The Reconnaissance Mission: Know Your Enemy

The most important part about eating at a buffet is knowing what’s on offer. You can’t just wing it and hope for the best. That is RGV’s strategy, and we can see how that’s turning out for him. You need a vaguely sustainable game plan. Take a long, casual stroll around the buffet table to glance at each dish and decide which one makes the priority list. Think of yourself as Donald Trump and the dishes as your White House staff. Anything that doesn’t tickle your fancy can be ignored. Many people think that it’s okay to avoid the roundabout, but these are also the very people who are seen crying in the end because they didn’t know the spread also had chicken lollipop.  

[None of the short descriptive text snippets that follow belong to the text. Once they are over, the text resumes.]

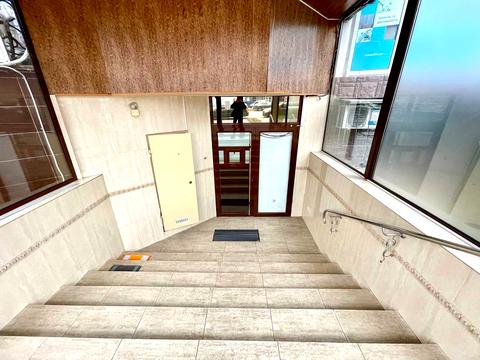 комерційна за адресою Келецька вул., 78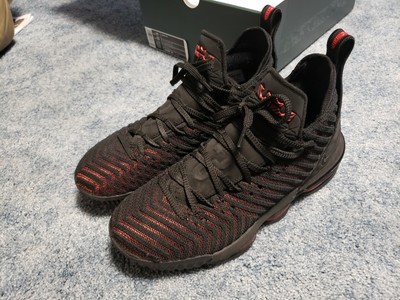 lebron 16 size 11.5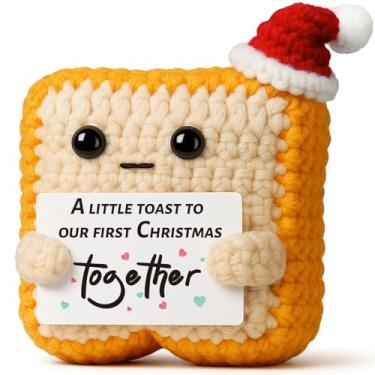 Imagem de Ovrrcame Presente romântico de primeiro Natal para namorada e namorado – Enfeite exclusivo de 1º Natal para casais – Brinde de crochê, decoração de aniversário de casamento, dia dos namorados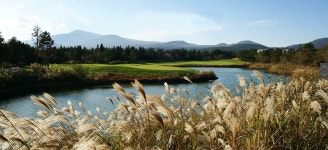 한라산을 보며, 푸른 바다를 보며... ‘나이스 샷’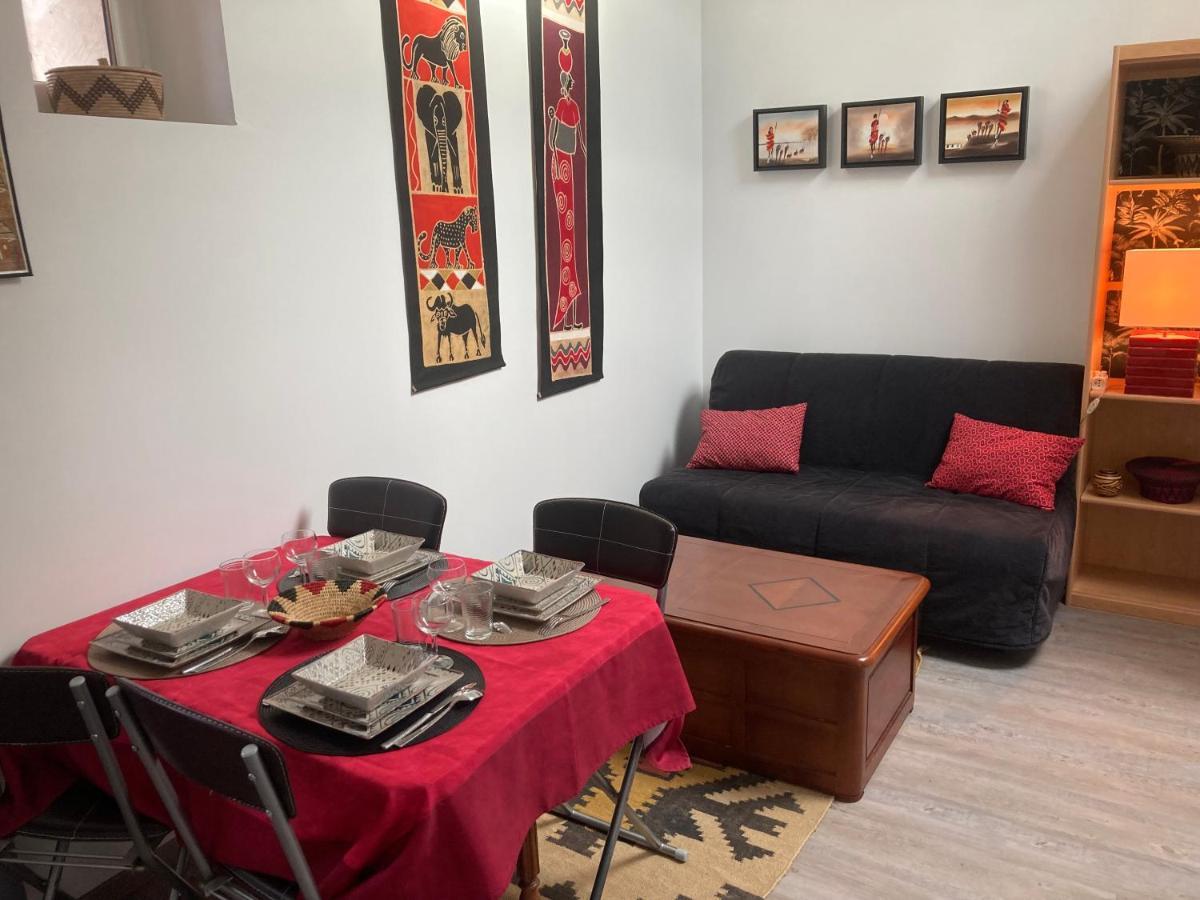 Chambre D'Hotes Les Roches Corme-Royal エクステリア 写真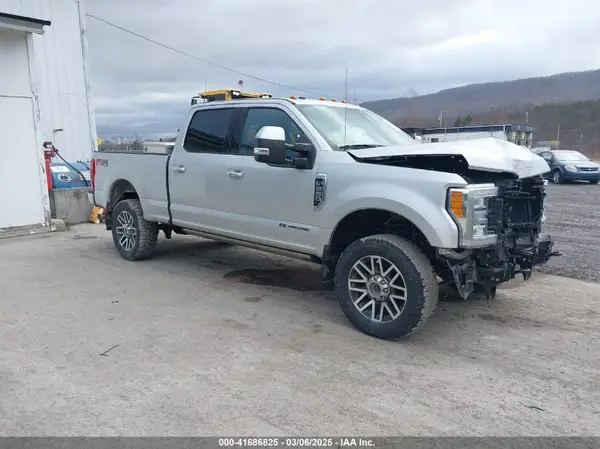 1FT7W2BT1JEC54725 2018 FORD F250 - Image 1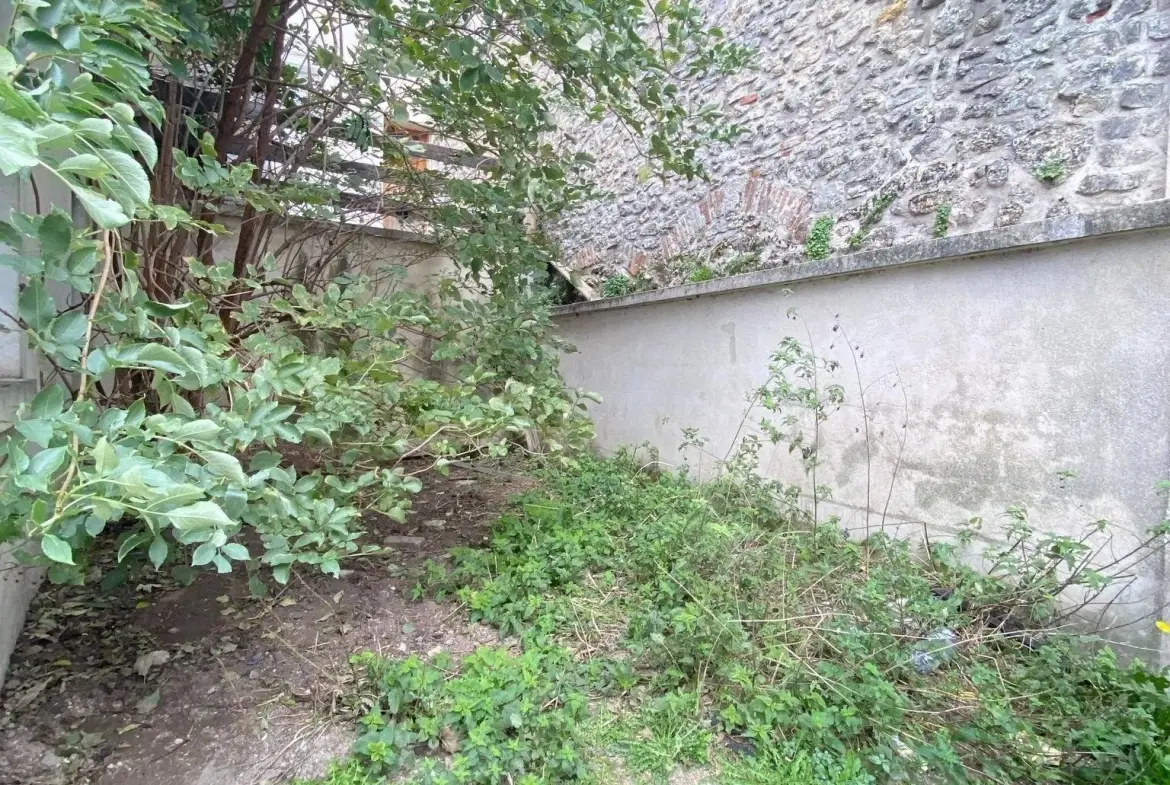 Ensemble immobilier de 273 m² à Laon avec Vue Imprenable 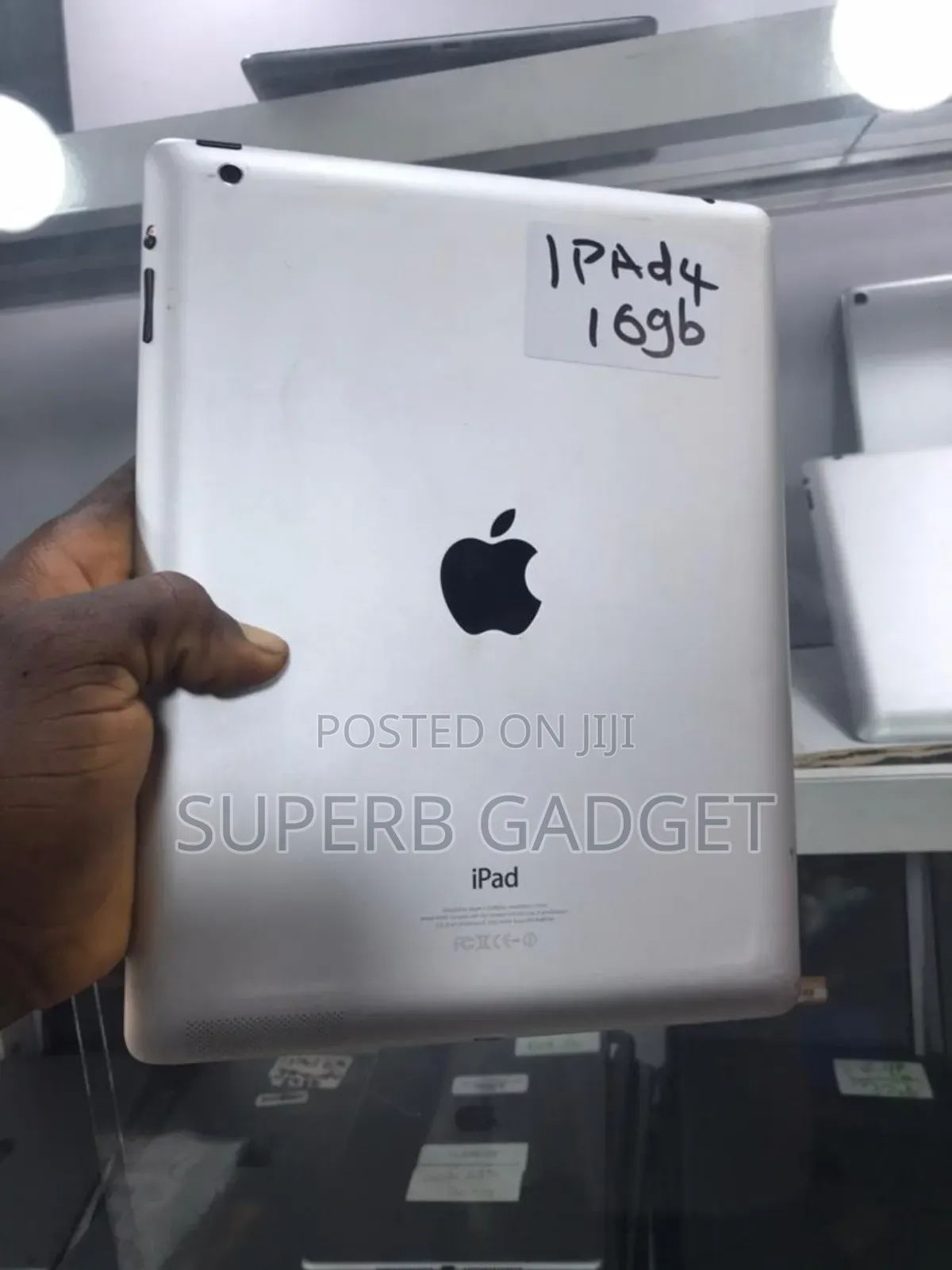 Apple iPad 4 Wi-Fi 16 GB Silver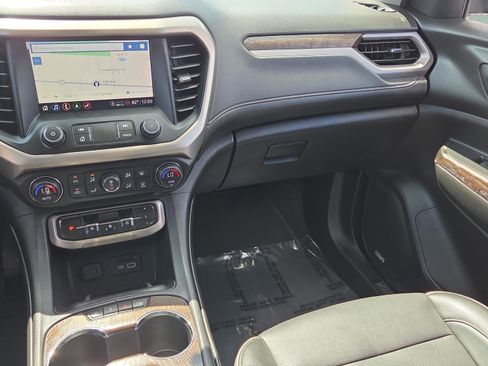 Used 2021 GMC Acadia Denali w/ Denali Technology Package image 15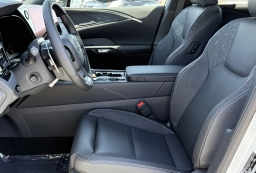 Lexus RX RX 450h+ Luxury AWD 2026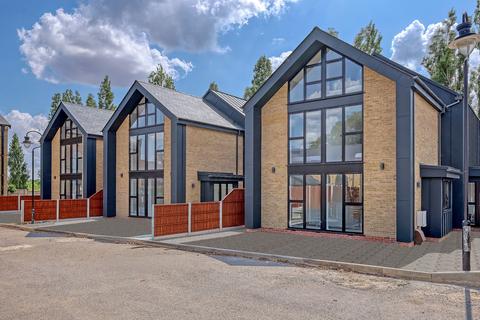 4 bedroom detached house for sale - Great Warley Street, Great Warley, Brentwood CM13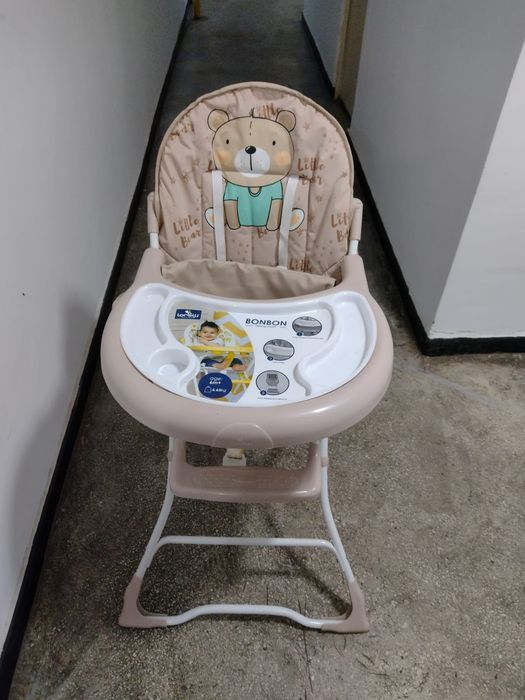 Vând scaun masa bebe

Bread Lightly: Don’t be a Basketcase

So you avoided the salads and soups to directly attack the main dishes, but now you’re drowning in a sea of gravy. With the sloshing mess on your plate, you might want to recruit some Swachch Bharat karyakartas in the form of some naans, kulchas, or parathas. This is a trap to keep you from your real goal – more kebabs. Avoid the breads with the same diligence that Deepika Padukone avoids Katrina Kaif at Bollywood parties, and you should be ready to properly sample everything you wanted.

Size Doesn’t Matter: The Beauty of Small Portions

Remember, you are not Kumbhakarana, who would take not one, but fifteen of the same paneer tikkas you ate a few minutes ago. And while you could easily do that without being questioned, let’s not forget  that it’s unmannerly to pile up so much of a dish on your plate. Much like Kapil Sharma’s career, buffet dishes also suffer greatly from overexposure. In simpler terms – pace yourself, go steady, and take your time with each serving. It’s not a sprint, it’s a marathon.

Even though the strategic guide to eating at a buffet is now in your hands, it won’t really matter after you lay eyes on the buffet spread, will it? The lure of unlimited food will be impossible to resist and you will let your inner glutton run wild. Regardless, I do truly hope you don’t forget to eat dessert before you leave. After all, every great story deserves a happy ending, and the dessert section is the closest you can get to one.